Things change, people say. Well, people can change, too, and sometimes, they pick the worst times to do that.
Like after a wedding, for example, just as the happy couple is getting into the joys and expectations of married life. Or, perhaps, in the more common scenario, it happens a bit later on in a marriage.
Suddenly, one half of the couple seems very different than before – demanding, argumentative, uncooperative, selfish, maybe unfaithful; it can be any change in personality, any aberrant behavior – and the beginning of a trying time.
It can be also a tremendous challenge and much more difficult to rectify, of course, than two people, who are just dating, who can more easily go their separate ways without all of the baggage and legal complications of wedded life. Still, if committed and deeply involved, it may be just as important for them to try to stay together as for a married couple.
So, what are couples in and out of marriage to do? Can the problem partner be changed back? Is that the way to go? Or is compromise the key?
"There are many reasons someone may change, including an affair, and an underlying mood or anxiety disorder," said Anna G. Lipshutz, a licensed clinical social worker in private individual and family psychotherapy practice in Ardmore.
"In each case, the couple should reinvent and invent ways to re-establish better communications, and also try to recover old interests, as well as create new ones, in which they both can participate and share because the goal is to stay together, and to enjoy being with each other," she stated.
Some change can also be for the better, she acknowledged: "If someone were extremely dependent before and now is more independent, for example, that kind of change can be good for the one and can be for the good of both people in the relationship, even though it may prove difficult for both at first."
If the change is one that isn't major – it could be anything slightly to moderately different – and doesn't threaten the fabric of a relationship, then, she continued, it's possible and acceptable to "change" the person back, so to speak.
The Three C's
Through care, communication and commitment.
"The goal is to have a couple grow, change and develop together," said Lipshutz.
But if the change is a major one that causes disruption, no amount of "care, communication and commitment" will keep them together.
Therapists will tell the couple, she noted, to discuss the issue rather than point accusatory fingers.
In the end, any final decisions about the couple's fate must be made by the two together since growth and change are part of any relationship, said Lipshutz, adding that some couples grow/change at "different rates and faster speeds."
If the couple isn't able to make progress on its own – if any change has created a concern for personal safety for one or both partners – then they may want to seek outside professional help. "Seeking help isn't based on time, but on the change causing overwhelming distress. If counseling becomes necessary, it's always best to find a specialist who will address the specific problem, which could be drug addiction, alcohol abuse or aggressive behavior," explained Lipshutz.
For couples perhaps planning marriage, it's best to work on any issues of change well before the wedding, she advised, since personality and behavioral changes aren't likely to change afterward.
David Baron, D.O., professor and chair of psychiatry at Temple University School of Medicine and Hospital, said that couples must take some basic steps when change occurs. "First, they should identify the cause of the change – is it, for example, a change in attitude?
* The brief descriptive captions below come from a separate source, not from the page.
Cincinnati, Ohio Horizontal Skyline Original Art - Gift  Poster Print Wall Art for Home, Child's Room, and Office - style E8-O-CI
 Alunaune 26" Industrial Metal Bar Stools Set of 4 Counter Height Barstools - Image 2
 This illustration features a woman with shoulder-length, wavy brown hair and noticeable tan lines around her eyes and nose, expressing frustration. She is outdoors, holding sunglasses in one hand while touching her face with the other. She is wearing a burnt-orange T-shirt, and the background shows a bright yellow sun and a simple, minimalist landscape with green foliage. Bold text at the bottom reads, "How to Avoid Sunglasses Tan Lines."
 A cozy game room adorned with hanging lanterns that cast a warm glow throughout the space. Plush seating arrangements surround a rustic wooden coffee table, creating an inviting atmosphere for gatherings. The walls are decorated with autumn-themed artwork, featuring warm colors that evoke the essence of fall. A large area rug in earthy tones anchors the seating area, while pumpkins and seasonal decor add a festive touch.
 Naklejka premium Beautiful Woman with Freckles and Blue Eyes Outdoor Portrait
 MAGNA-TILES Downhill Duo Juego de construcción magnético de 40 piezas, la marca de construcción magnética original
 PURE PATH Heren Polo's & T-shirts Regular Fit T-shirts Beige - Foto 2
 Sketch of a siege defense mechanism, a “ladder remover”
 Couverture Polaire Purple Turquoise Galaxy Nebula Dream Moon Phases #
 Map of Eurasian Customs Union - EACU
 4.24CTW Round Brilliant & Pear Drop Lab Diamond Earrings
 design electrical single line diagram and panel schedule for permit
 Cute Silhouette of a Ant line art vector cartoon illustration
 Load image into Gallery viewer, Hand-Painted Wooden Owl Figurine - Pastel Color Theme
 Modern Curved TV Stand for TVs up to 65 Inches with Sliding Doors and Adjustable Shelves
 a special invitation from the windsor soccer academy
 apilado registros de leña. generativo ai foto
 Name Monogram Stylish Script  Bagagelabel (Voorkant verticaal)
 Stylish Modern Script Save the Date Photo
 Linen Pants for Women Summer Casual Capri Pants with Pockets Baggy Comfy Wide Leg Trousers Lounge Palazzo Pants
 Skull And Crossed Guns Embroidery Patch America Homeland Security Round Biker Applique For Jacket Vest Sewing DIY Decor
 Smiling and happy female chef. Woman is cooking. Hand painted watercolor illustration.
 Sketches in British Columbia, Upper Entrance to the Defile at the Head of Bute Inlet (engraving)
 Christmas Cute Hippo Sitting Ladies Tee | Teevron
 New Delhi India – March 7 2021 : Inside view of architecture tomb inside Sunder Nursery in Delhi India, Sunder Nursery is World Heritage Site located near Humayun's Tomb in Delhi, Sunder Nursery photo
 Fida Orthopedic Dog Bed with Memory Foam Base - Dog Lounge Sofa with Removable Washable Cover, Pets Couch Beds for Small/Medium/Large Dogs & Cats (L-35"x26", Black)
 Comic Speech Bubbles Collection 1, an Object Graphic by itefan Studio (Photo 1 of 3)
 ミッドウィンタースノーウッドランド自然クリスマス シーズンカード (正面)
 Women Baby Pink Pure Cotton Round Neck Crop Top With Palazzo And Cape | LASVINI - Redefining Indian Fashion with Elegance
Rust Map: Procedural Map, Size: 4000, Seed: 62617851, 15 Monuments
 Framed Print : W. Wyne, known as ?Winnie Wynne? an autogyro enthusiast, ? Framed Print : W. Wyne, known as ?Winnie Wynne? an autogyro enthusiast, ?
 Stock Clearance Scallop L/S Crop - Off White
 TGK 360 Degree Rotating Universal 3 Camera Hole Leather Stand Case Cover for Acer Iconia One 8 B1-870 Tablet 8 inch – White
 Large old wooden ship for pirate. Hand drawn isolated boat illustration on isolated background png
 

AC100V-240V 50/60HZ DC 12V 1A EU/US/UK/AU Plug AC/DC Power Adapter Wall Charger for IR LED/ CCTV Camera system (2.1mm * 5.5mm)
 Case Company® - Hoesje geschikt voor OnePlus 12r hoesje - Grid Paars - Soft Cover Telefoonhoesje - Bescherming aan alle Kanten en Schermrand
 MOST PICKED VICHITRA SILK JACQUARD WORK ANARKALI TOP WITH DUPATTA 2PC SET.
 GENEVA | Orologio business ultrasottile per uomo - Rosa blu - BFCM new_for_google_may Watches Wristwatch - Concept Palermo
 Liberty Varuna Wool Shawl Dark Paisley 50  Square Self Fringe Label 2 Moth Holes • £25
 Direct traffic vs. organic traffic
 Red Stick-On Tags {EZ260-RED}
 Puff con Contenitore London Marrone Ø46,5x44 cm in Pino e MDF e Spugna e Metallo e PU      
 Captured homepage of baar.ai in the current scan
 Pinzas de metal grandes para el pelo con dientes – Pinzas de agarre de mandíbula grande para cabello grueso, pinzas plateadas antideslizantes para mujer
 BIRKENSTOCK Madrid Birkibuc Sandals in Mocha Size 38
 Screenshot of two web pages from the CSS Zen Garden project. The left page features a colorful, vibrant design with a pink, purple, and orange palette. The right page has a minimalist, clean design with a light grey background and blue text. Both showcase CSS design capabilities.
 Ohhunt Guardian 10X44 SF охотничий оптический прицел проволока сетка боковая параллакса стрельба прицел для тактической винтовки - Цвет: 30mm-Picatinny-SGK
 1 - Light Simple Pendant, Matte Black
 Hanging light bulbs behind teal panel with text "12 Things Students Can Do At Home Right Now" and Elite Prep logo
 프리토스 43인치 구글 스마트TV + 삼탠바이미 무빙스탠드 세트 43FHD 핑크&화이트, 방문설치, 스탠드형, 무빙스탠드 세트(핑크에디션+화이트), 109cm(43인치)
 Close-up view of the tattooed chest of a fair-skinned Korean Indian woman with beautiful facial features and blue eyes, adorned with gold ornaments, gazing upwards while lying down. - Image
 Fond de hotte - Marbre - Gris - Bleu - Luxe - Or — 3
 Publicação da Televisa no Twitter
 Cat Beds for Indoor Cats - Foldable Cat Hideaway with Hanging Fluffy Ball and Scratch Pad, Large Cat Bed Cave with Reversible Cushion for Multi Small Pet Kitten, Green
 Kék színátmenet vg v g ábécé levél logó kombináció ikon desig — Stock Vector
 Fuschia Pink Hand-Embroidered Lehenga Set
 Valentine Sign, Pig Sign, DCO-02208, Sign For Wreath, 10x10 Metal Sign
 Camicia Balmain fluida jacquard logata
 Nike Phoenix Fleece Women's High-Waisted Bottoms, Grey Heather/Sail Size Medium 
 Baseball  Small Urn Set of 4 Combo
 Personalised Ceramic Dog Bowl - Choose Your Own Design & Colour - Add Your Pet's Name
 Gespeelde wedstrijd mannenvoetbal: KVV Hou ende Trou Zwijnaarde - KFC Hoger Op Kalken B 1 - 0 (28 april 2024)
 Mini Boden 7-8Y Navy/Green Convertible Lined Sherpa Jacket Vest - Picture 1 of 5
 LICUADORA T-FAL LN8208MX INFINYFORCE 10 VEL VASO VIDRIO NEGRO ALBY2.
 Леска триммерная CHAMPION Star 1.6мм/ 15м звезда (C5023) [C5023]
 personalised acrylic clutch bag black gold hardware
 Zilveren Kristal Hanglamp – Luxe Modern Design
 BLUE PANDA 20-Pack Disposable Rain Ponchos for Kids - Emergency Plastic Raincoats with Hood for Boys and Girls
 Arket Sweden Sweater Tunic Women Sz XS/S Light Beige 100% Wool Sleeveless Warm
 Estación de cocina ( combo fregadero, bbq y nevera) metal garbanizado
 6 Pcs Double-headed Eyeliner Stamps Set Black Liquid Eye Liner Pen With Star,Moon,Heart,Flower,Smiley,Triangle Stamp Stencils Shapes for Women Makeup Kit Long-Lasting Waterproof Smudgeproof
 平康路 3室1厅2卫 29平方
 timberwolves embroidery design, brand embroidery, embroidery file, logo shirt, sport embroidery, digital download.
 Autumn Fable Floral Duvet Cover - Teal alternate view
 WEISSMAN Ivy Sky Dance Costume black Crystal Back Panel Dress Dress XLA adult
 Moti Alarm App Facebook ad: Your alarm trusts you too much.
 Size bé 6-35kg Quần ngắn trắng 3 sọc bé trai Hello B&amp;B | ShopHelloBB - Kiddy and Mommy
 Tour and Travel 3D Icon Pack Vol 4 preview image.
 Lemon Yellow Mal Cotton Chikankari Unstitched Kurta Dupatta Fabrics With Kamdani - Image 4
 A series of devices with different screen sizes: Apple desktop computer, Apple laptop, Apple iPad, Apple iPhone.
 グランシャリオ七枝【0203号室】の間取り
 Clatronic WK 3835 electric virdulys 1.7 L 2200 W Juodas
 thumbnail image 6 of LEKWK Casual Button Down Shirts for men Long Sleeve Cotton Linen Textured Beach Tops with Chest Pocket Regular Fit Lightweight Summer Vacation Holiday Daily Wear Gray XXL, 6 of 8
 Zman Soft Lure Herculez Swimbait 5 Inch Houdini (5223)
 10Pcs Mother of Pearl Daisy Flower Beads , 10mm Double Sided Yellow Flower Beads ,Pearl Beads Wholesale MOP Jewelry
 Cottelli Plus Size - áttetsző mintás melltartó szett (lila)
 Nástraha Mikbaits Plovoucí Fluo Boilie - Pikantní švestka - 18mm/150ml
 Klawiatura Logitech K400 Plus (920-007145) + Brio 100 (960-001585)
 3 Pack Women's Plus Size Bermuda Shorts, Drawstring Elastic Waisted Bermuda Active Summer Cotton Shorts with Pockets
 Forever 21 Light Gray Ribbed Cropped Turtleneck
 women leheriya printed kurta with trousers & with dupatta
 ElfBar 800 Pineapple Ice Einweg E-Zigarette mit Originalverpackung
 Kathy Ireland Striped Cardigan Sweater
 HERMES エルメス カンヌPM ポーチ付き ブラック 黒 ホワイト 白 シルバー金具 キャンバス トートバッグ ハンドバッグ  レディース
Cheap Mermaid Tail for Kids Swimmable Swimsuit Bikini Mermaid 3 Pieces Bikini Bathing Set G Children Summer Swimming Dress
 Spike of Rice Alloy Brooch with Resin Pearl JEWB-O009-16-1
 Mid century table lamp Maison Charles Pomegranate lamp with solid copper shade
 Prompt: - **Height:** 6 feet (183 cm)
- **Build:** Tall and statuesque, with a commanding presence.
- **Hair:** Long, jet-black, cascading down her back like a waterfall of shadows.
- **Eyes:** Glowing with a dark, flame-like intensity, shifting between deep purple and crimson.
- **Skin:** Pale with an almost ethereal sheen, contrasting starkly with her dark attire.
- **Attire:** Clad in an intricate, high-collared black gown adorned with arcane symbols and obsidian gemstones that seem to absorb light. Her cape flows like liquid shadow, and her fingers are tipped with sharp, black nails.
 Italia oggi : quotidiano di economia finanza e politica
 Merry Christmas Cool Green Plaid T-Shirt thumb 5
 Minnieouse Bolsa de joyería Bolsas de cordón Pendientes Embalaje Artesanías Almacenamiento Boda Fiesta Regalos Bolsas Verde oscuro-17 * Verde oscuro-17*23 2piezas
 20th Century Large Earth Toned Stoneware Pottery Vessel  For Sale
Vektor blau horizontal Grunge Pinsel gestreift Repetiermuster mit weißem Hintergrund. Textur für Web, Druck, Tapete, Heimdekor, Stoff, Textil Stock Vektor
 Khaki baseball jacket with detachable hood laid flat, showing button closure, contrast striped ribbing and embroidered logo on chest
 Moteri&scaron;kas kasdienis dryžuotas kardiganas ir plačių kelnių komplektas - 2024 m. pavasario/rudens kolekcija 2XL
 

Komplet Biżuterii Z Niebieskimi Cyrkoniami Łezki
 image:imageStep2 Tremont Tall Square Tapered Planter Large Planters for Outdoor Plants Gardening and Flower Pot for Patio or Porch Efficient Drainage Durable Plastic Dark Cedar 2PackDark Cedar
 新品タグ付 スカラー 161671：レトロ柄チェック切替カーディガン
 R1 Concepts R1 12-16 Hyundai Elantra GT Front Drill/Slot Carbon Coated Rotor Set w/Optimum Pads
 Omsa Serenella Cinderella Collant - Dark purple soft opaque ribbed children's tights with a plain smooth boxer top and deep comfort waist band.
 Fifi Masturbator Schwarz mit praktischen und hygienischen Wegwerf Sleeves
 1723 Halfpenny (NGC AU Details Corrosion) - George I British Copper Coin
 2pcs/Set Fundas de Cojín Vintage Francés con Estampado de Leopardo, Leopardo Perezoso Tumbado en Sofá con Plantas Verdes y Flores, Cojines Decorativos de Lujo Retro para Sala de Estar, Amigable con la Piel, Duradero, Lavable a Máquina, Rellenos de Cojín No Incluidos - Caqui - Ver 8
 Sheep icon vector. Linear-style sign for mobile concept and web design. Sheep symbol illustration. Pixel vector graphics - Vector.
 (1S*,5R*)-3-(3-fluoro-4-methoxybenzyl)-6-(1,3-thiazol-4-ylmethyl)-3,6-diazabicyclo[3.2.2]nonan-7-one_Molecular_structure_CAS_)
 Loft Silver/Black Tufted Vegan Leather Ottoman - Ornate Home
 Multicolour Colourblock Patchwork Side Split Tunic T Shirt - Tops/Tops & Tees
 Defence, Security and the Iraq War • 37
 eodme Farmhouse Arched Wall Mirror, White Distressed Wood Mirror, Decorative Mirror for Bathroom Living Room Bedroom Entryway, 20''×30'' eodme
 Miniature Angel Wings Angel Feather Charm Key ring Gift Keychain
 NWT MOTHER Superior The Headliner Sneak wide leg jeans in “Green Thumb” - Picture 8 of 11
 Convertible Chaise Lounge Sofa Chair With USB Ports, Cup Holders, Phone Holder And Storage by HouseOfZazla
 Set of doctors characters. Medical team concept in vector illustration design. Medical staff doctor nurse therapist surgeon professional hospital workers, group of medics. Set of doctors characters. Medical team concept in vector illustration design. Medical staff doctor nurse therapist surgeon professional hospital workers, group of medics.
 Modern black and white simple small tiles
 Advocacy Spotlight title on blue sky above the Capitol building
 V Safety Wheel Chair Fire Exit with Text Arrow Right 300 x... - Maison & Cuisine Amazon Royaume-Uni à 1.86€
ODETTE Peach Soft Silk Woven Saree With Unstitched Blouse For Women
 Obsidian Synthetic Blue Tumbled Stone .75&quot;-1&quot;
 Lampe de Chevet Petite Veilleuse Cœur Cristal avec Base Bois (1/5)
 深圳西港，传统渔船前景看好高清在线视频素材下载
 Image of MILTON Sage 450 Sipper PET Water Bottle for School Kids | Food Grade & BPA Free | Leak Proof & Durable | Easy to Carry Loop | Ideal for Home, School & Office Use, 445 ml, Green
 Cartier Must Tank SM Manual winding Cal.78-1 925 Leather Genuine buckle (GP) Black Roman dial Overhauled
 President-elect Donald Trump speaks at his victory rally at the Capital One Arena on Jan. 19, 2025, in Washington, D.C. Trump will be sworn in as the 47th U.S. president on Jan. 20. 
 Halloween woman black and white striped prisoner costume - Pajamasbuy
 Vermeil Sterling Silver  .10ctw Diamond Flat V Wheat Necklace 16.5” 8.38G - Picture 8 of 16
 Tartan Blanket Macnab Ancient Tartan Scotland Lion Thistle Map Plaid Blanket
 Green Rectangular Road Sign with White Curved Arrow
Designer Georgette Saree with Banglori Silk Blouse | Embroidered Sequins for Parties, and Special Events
"Also, the couple must decide if it is an actual change by one person or a perceived [change] by the other partner, who may think he or she notices some change when in fact there really isn't any," said Baron, who did couples therapy in Los Angeles as a member of the University of Southern California faculty in the late 1970s and mid-'80s.
"The best way to know if something has changed is to ask," he said. "The person seeing the change may sense something is different, something is wrong but shouldn't assume it is."
The affected partner should try to understand what the other person is going through, whether it's a mid-life crisis, a depressive episode, a hard time at work, loneliness or some physical change.
"Life events change for a variety of reasons, so try to help the person who has changed in a nonthreatening fashion by being empathetic, loving and caring. Don't blow up and don't discuss the issue of change during an argument," said Baron. "Be very supportive because it could be a psychiatric or psychological problem. If it is, try to get the person help, try to get that person treatment, such as talk therapy. It means loving someone as opposed to demanding that person becomes the way he or she was."
After this, couples must resolve certain key questions, he said, including, for example, if they're staying together solely for the sake of their children.
"They must decide if any change that can't be understood and accepted means ultimately that the marriage is over. It's not always a pleasure to confront these issues, but they have to be dealt with," he said. "There is a high divorce rate in this country, but sometimes it's best to move on."
To Jeanne Meisler, M.D., a Main Line Health System psychiatrist, also in private practice in Bala Cynwyd, change in one or both marriage partners is something "we (psychiatrists and psychologists) see not infrequently for a myriad of causes."
"As someone changes, it may be a pleasing kind of change or otherwise," she said. "If it's a change for the worse, is the cause in the relationship and family, or [is it] external? There are any number of stresses out there.
"If it's the relationship, the couple must first figure out what in the individual's life is causing the change and decide if they want to work it out together.
"Someone can be 'changed back' if the change is a temporary one and as long as it isn't forced by either partner," relayed Meisler. "If permanent, the couple has to either learn to accept it or move on with their lives."